Houston A. Baker, Jr.
- In full:
- Houston Alfred Baker, Jr.
- Born:
- March 22, 1943, Louisville, Kentucky, U.S. (age 81)
- Also Known As:
- Houston Alfred Baker, Jr.
Houston A. Baker, Jr. (born March 22, 1943, Louisville, Kentucky, U.S.) is an American educator and critic who proposed new standards, based on African American culture and values, for the interpretation and evaluation of literature.
Baker attended Howard University (B.A, 1965), the University of Edinburgh, and the University of California at Los Angeles (M.A., 1966; Ph.D., 1968) and taught at Yale and Cornell universities, Haverford College, the University of Virginia, the University of Pennsylvania (where he directed the Afro-American studies program from 1974 to 1977), Duke University, and Vanderbilt University.
Besides writing several volumes of poetry and editing collections of poetry and essays, Baker wrote the studies Long Black Song (1972), Singers of Daybreak (1974), The Journey Back (1980), Modernism and the Harlem Renaissance (1987), Workings of the Spirit: The Poetics of Afro-American Women’s Writing (1991), Black Studies, Rap, and the Academy (1993), Turning South Again: Rethinking Modernism/Rereading Booker T (2001), Critical Memory: Public Spheres, African American Writing, and Black Fathers and Sons in America (2001), and Betrayal: How Black Intellectuals Have Abandoned the Ideals of the Civil Rights Era (2008). Baker’s literary theory and criticism emphasizes the distinctiveness of an African American mode of representation (both in literature and, more generally, in culture) and the ways in which criteria for judgment and appreciation must engage with paradigms outside the mainstream nonblack academic and critical traditions. In Blues, Ideology, and Afro-American Literature (1984), he discussed the dominant African American musical idiom both as a synthesis of traditional and modern black responses to life and as a vernacular paradigm for American culture as a whole.
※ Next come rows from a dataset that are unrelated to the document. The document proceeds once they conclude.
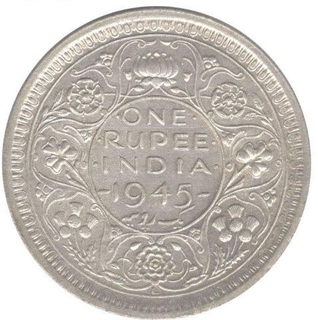 Silver One Rupee Coin of King George VI of Lahore Mint of 1945.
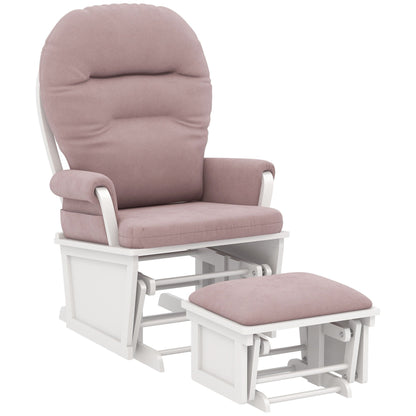 Nursery Glider Rocking Chair Thick Padded Cushion Seating Soft Linen Fabric Armchair with Ottoman and Wood Base
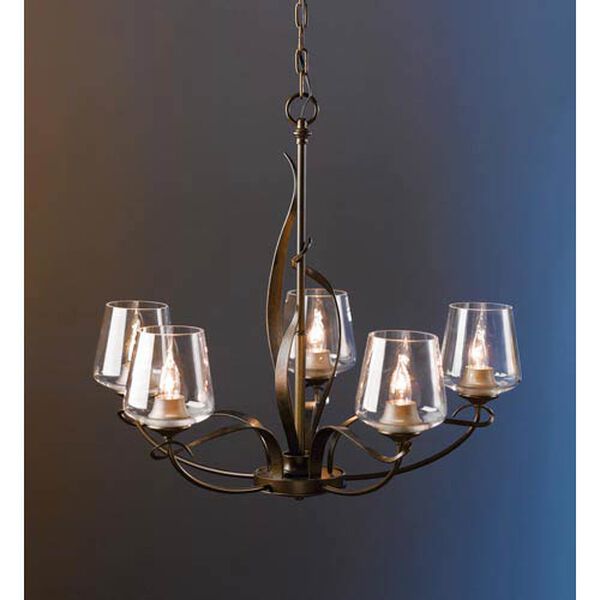 Flora Bronze Five-Light Chandelier with Clear Glass, image 1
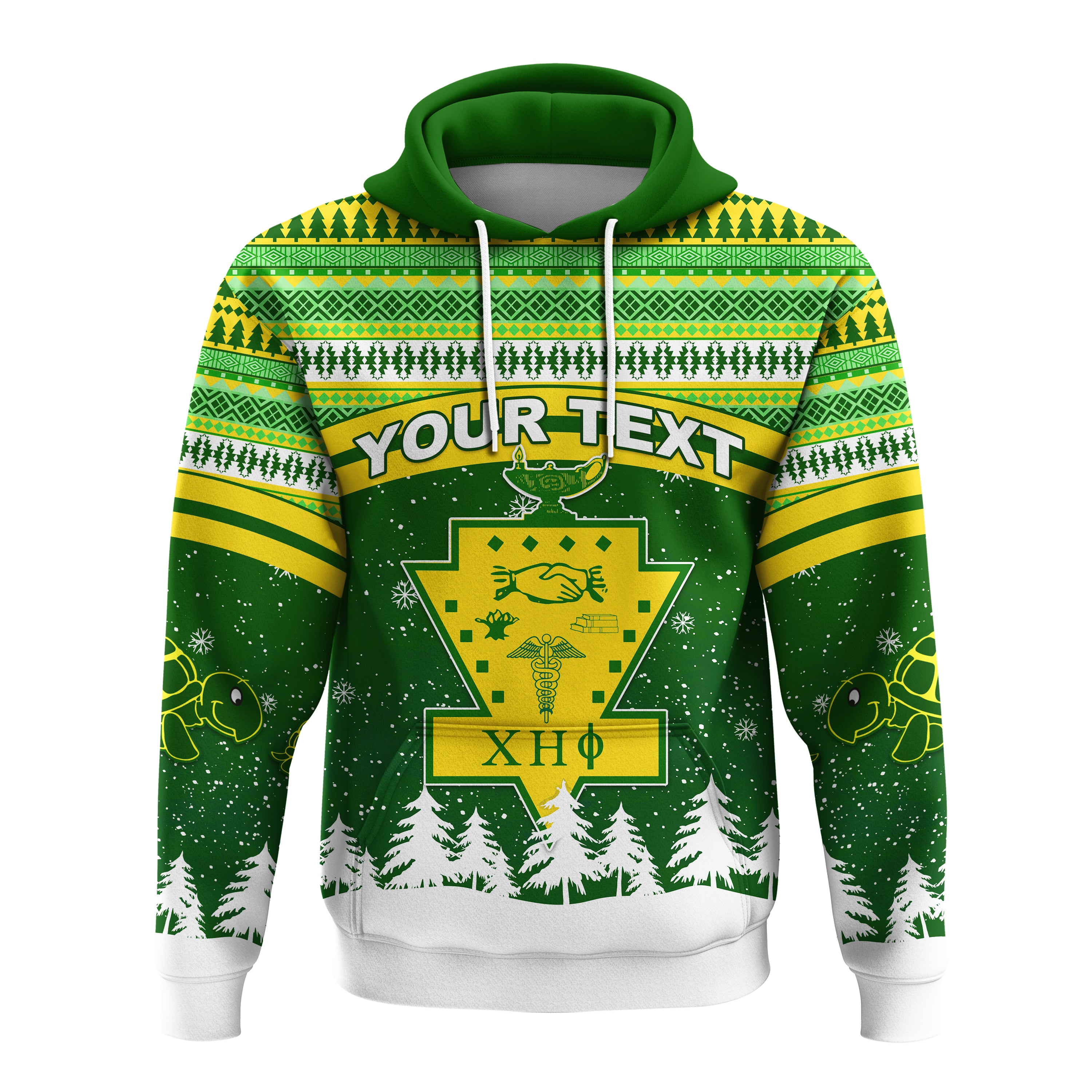 (Custom Personalised) Chi Eta Phi Christmas Hoodie African Pattern Lt13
The works of Frederick Douglass, W.E.B. Du Bois, Booker T. Washington, Richard Wright, and Ralph Ellison figure prominently in Baker’s studies because of the wide canvas upon which they display the vitality of black culture and its struggle for communication. The breadth of his concerns is indicated by his familiarity with early black writers, including Phillis Wheatley, Jupiter Hammon, and David Walker; with theoretical formulations such as semiotics and deconstruction; and with the full range of historical, social, political, and economic elements of African American culture.